Budget problems in state and local government are expected to further drag down the state’s recovery, Levy said. Even if they don’t get pink slips, state employees are earning less money because of furloughs and salary reductions, which reduces consumer spending in the state.
New Jersey Governor, Chris Christie has, of late, been making much noise about necessary budget reductions. His state is facing a budget crisis and the actions he is considering are unprecedented. Business Week reports:
All levels of government have to be looked at when considering whether public jobs or agencies should be operated by private companies, Christie said after signing an executive order creating a panel to study the issue.
“I would be doing this even if we weren’t in a fiscal emergency,” Christie told reporters today in Trenton. “This is a task force that I believe is incredibly important because of our current budget conditions.”
Detroit, Michigan is feeling the pinch as well. Scripps News covers some drastic measures the mayor is considering to meet the budget shortfalls. And if you’ve been through the abandoned neighborhoods in Detroit, seen the burned out buildings with your own eyes, this comes as welcome news.
Mayor Dave Bing is proposing to abandon large swaths of the city, move the few people remaining to more functional neighborhoods, tear down the buildings left behind and let what’s left become forests, pastures and farmland.
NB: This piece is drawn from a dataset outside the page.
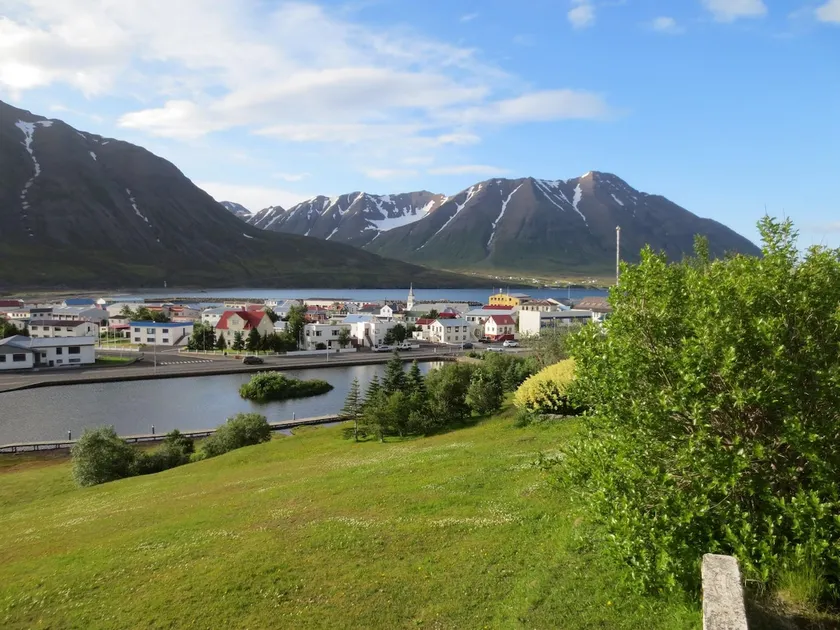 House with a wonderful view of mountains and sea - Image 1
The consolidation, aside from eliminating square miles of eyesores, would cut the cost of services like police, fire, snow removal, water and sewage.
Recent reports of North Carolina, Alabama and Hawaii delaying income tax returns underline the situation as well. And it’s no wonder, when you look at the levels of state and municipal debt as they compare to the production in those states. Many states, along with their local governments are carrying a debt load several times what they produce.
When taken together the real picture begins to emerge. In 2009, government debt at all levels surpassed GDP by over $1.2 Trillion. And while several state and local governments are bringing their budgets more in line with reality, the national debt continues to expand at unprecedented rates. The Wall Street Journal reports:
When he released his new budget proposal on February 1, President Barack Obama asserted that the government “simply cannot continue to spend as if deficits don’t have consequences; as if waste doesn’t matter; as if the hard-earned tax dollars of the American people can be treated like Monopoly money; as if we can ignore this challenge for another generation.”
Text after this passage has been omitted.